When is the expected closing date of the transaction and what are the key milestones? | AXL (Aug 08, 2025) | Candlesense

When is the expected closing date of the transaction and what are the key milestones?

Expected Closing Date

According to the Form 8.3 filing attached to the news release (Ticker AXL, “Mergers” category, dated 8 August 2025), the parties have indicated that the transaction is expected to close on or about September 30 2025 (subject to the satisfaction of all customary closing conditions, including receipt of required shareholder and regulatory approvals).

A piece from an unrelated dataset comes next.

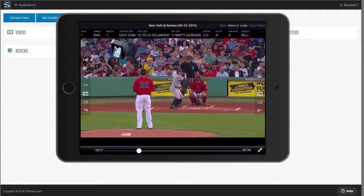Hi, my name is Alex and I'm a co-founder of VidSwap.com. I'd like to take you through a quick demonstration of everything VidSwap.com has to offer for baseball and softball. When you upload your game video, we're going to break it down in 12 or 24 hours or less. Think of us as a video assistant 24-7. We're going to save you hundreds of hours per season so you can better teach your players and get more out of your video.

Key Milestones Leading to Closing

Milestone Approximate Timing (as disclosed in the filing) What It Involves
Execution of the Merger Agreement Already completed (signed July 2025) The definitive agreement governing the merger was executed by the boards of the merging parties.
SEC Filing of the Merger Agreement (Form 8.3) 8 August 2025 The filing publicly disclosed the terms, the timeline, and the conditions precedent to closing.
Shareholder Notification and Proxy Statement Preparation Late August 2025 A proxy statement (Form DEF 14A) is being prepared and will be mailed to shareholders of the target company for a vote on the merger.
Shareholder Meeting & Vote Early September 2025 (target date September 10 2025) Shareholders of American Axle & Manufacturing Holdings, Inc. will vote to approve the merger. The meeting is scheduled to occur after the proxy statement has been distributed.
Regulatory Review – Antitrust Clearance Ongoing; expected by mid‑September 2025 The parties have filed the required notification with the U.S. Department of Justice/FTC and are seeking clearance under the Hart‑Scott‑Rodino Act.
Third‑Party Consents & Conditions Throughout September 2025 Any required consents from lenders, landlords, or other material contracts must be obtained.
Final Closing Deliverables By September 30 2025 Delivery of signed closing documents, exchange of consideration, issuance of new shares (or cash) to target shareholders, and filing of the requisite post‑closing documents (Form 8‑K) with the SEC.
Post‑Closing Integration Planning Commences immediately after closing Integration teams from both entities begin operational, financial, and IT integration activities.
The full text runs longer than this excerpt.